Each element in melody corresponds to a note frequency in Hz.

int noteDurations[] = {
8, 8, 4,
8, 8, 4,
8, 8, 8, 8, 2,
8, 8, 8, 12, 8,
8, 8, 8, 8,
8, 8, 8, 8, 2
};

The Melody Note Durations

This array stores the note durations for the "Jingle Bells" melody.

noteDurations specifies the length of each note 4 = quarter note, 8 = eighth note, etc.

void setup() {
pinMode(buttonPin, INPUT_PULLUP);
pinMode(buzzerPin, OUTPUT);

for (int i = 0; i<8; i++) {
pinMode (ledArray[i], OUTPUT);
}
}

setup() function

This function is run once and initializes the pins:

buttonPin is set as an input with an internal pull-up resistor (ensures a default HIGH state).

buzzerPin and all LED pins are set as outputs.

The for loop simplifies setting up multiple LEDs as outputs as it means you can just run the loop to set the pins as outputs rather than going through them each individually.

void loop() {
int reading = digitalRead(buttonPin);

if (reading != lastButtonState) {
lastDebounceTime = millis();
}

if ((millis() - lastDebounceTime) > debounceDelay) {
if (reading == LOW && buttonState == HIGH) {
ledChaser1();
playJingleBells();
ledChaser2();
}
buttonState = reading;
}

lastButtonState = reading;
}

loop() function

This main loop continuously checks the button state and runs actions when the button is pressed.

It has debouncing to prevent "false" button pressing.
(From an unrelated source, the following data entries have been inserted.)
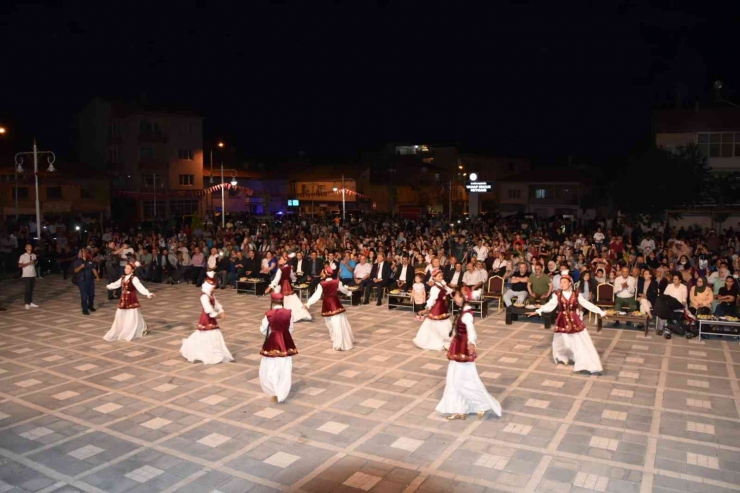 Doğanşehir Türkü Şöleni İlgi Gördü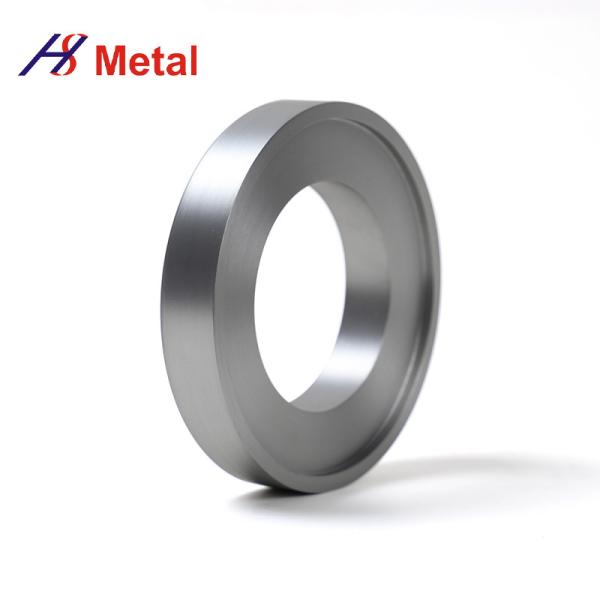 Cheap Artificial Diamond Purity 99.97% Molybdenum Ring Customized for sale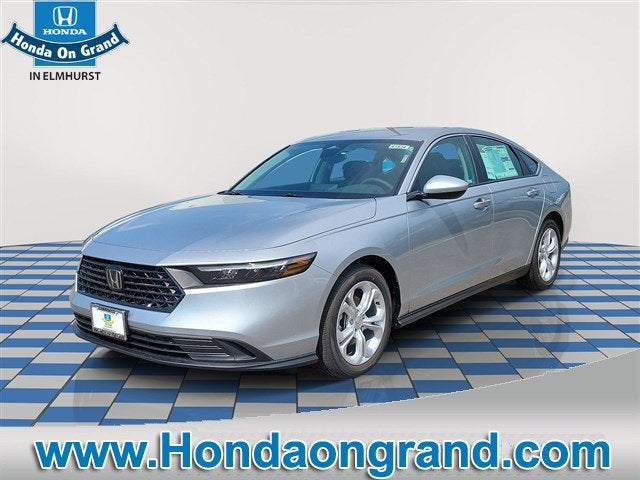 2026 Honda Accord Sedan LX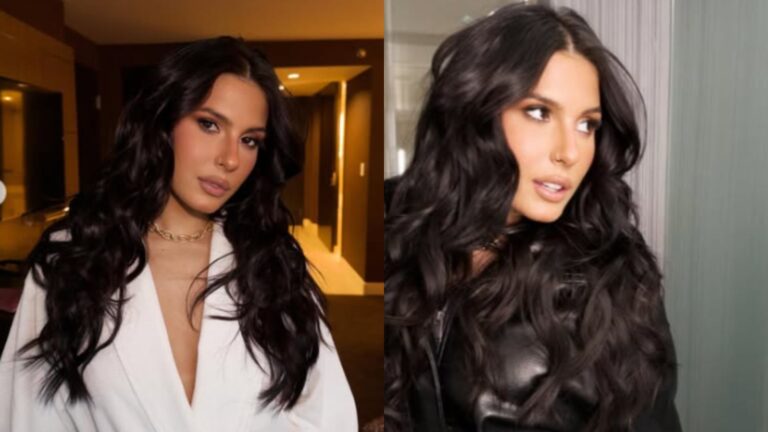 Ana Castela aposta em novo visual; confira o antes e depois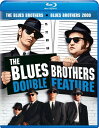 The Blues Brothers Double Feature ブルーレイ 【輸入盤】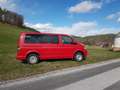 Volkswagen T5 Multivan Multivan Comfortline 1,9 TDI Comfortline Červená - thumbnail 4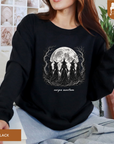 Long Sleeve Tee | Witching Hour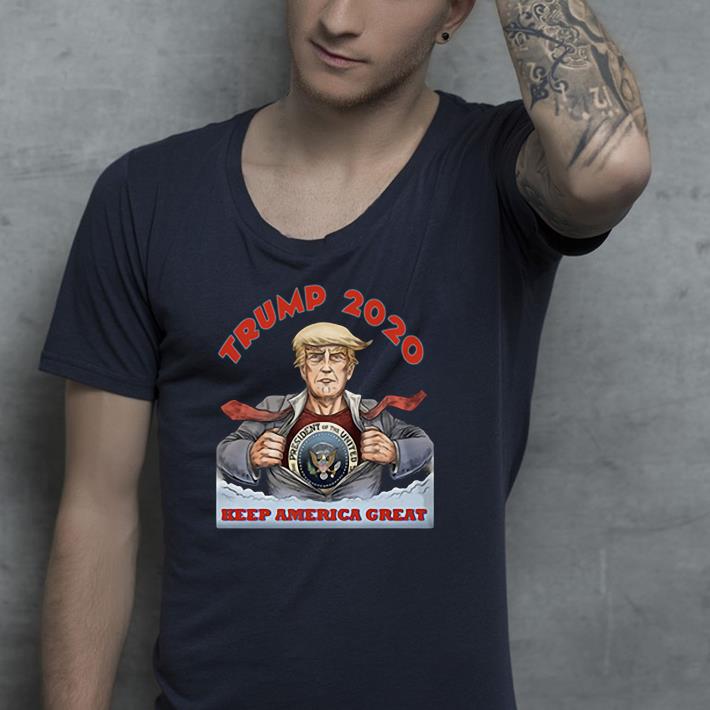 Trump 2020 Keep America Great shirt 4 - Trump 2020 Keep America Great shirt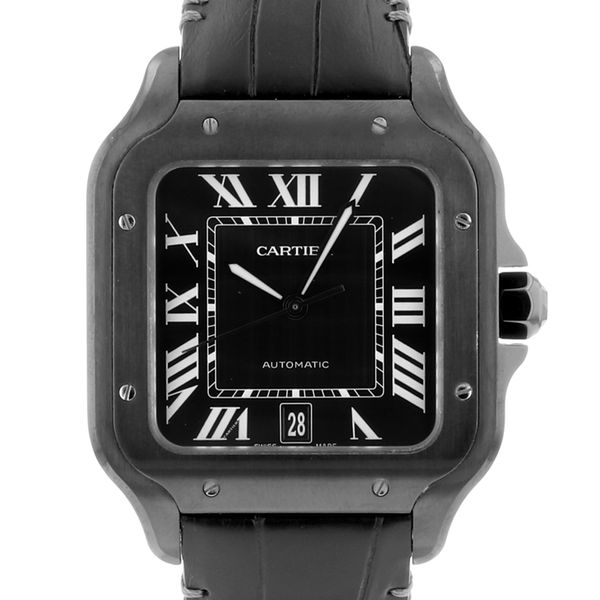 Cartier WSSA0039 - Santos Large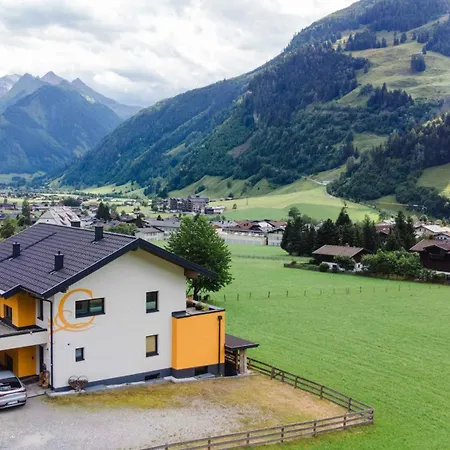 Holiday home Creatina By We Rent, Nationalpark Card Included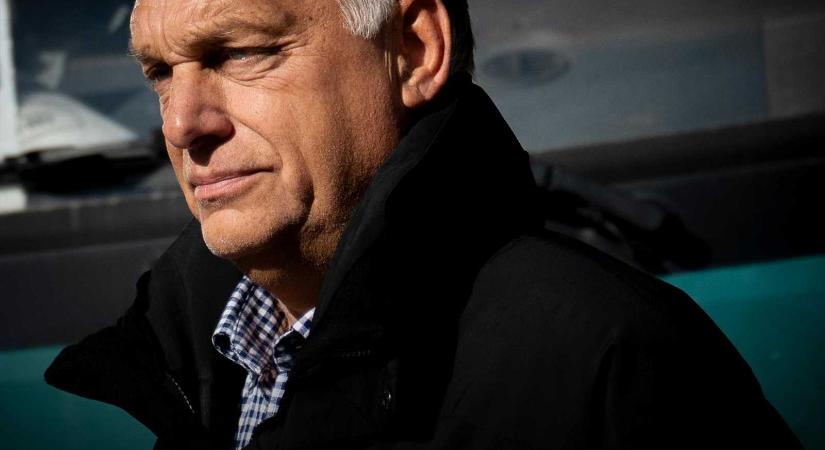 Bíró Barna Botond Budapesten tájékoztatta Orbán Viktort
Debouncing ensures the button press is stable for at least debounceDelay (50 ms).

If the button is pressed, it triggers the following functions:

ledChaser1() - Lights chase clockwise.

playJingleBells() - Plays the melody.

ledChaser2() - Lights chase counterclockwise.

void playJingleBells() {
int totalNotes = sizeof(melody) / sizeof(melody[0]);
for (int thisNote = 0; thisNote < totalNotes; thisNote++) {
int noteDuration = 1000 / noteDurations[thisNote];
tone(buzzerPin, melody[thisNote], noteDuration);

int pauseBetweenNotes = noteDuration * 1.30;
delay(pauseBetweenNotes);

noTone(buzzerPin);
}
}

playJingleBells() function

This loop plays the "Jingle Bells" melody using the buzzer.

Loops through each note in melody.

Calculates the duration of the note and plays it using the tone() function.
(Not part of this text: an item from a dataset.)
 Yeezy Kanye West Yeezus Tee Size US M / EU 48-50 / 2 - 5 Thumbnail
It adds a pause (30% longer than the note duration) between notes for clarity (this was found through trial and error).

void ledChaser1() {
for (int i = 0; i<8; i++) digitalWrite(ledArray[i], LOW);
for (int i = 0; i<8; i++) {
digitalWrite(ledArray[i], HIGH);
delay(100);
}
}

ledChaser1() (Clockwise chase)

This function is to sequentially light up LEDs around the PCB in a clockwise pattern.

Turns off all LEDs first to ensure the chase starts cleanly.

void ledChaser2() {
for (int i = 0; i<8; i++) digitalWrite(ledArray[i], LOW);
for (int i = 8; i>=0; i--) {
digitalWrite(ledArray[i], HIGH);
delay(100);
}
}

ledChaser2() (Counterclockwise chase)

This function (similar to the last) sequentially lights up LEDs in a counterclockwise pattern.
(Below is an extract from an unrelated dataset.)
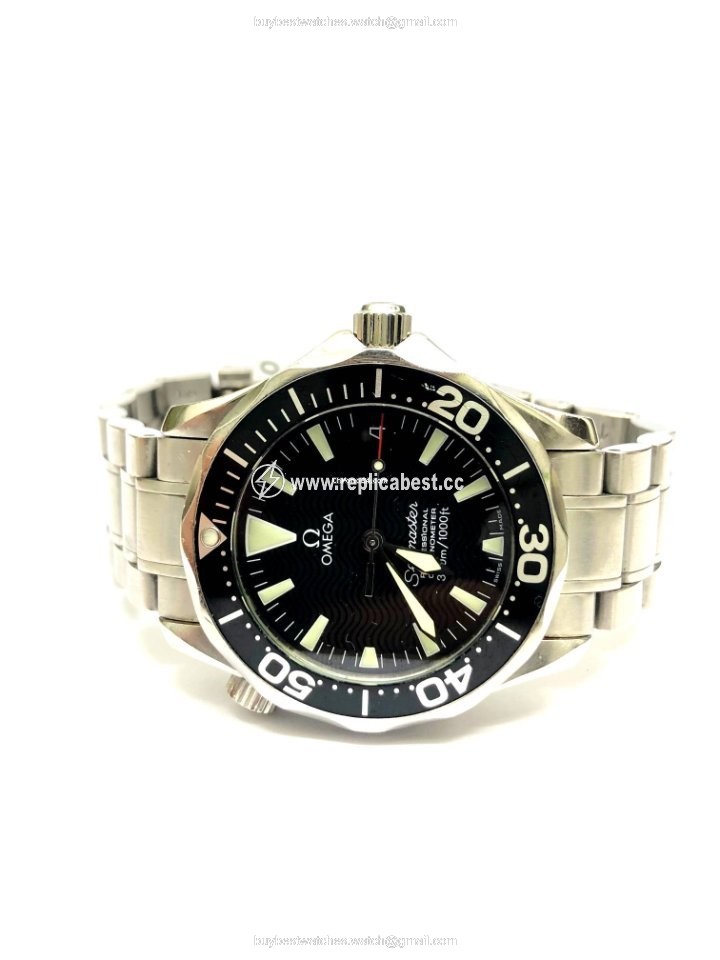 Omega Seamaster Mens watch Unisex Automatic Steel 168.1641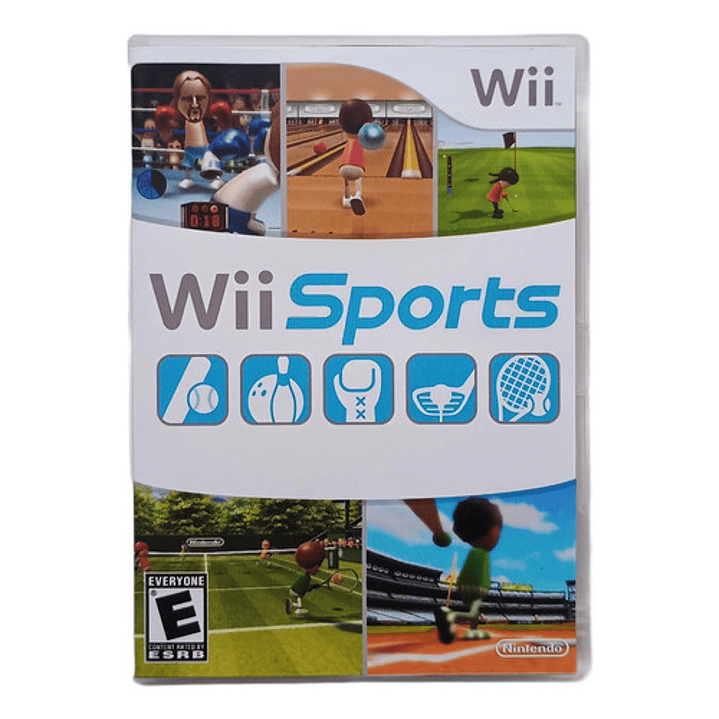 Wii Sports 1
Similar to ledChaser1(), but reverses the direction of the sequence.

I have attached the Arduino sketch if you want to use it.

Uploading the Code and Testing

Xmas Bauble PCB - Uploading Your Code

The code is uploaded to the PCB with an USBtinyISP AVR Programmer. The best way to see how to upload load the code is to take a look at the attached video.

You can also upload the code using another Arduino instead of the USBtinyISP AVR Programmer. There are multiple tutorials on how to do this on Instructables, an example of one is her: Programming Arduino With Another Arduino : 3 Steps - Instructables

Once you have uploaded your code you are ready to test the operation by pressing SW2. You get blinking lights and a "beautiful" rendition of Jingle Bells. It's now your turn to write some better code with an even more "beautiful" melody!

A quick tip! I find lots of discarded disposable vapes when I walk my dog. I have found the batteries from these vapes work very well for this type of project and is a great way of re-using something that is otherwise an environmental hazard. But make sure you dismantle the vape very carefully and only if you are competent to do so as these batteries can be dangerous if mishandled.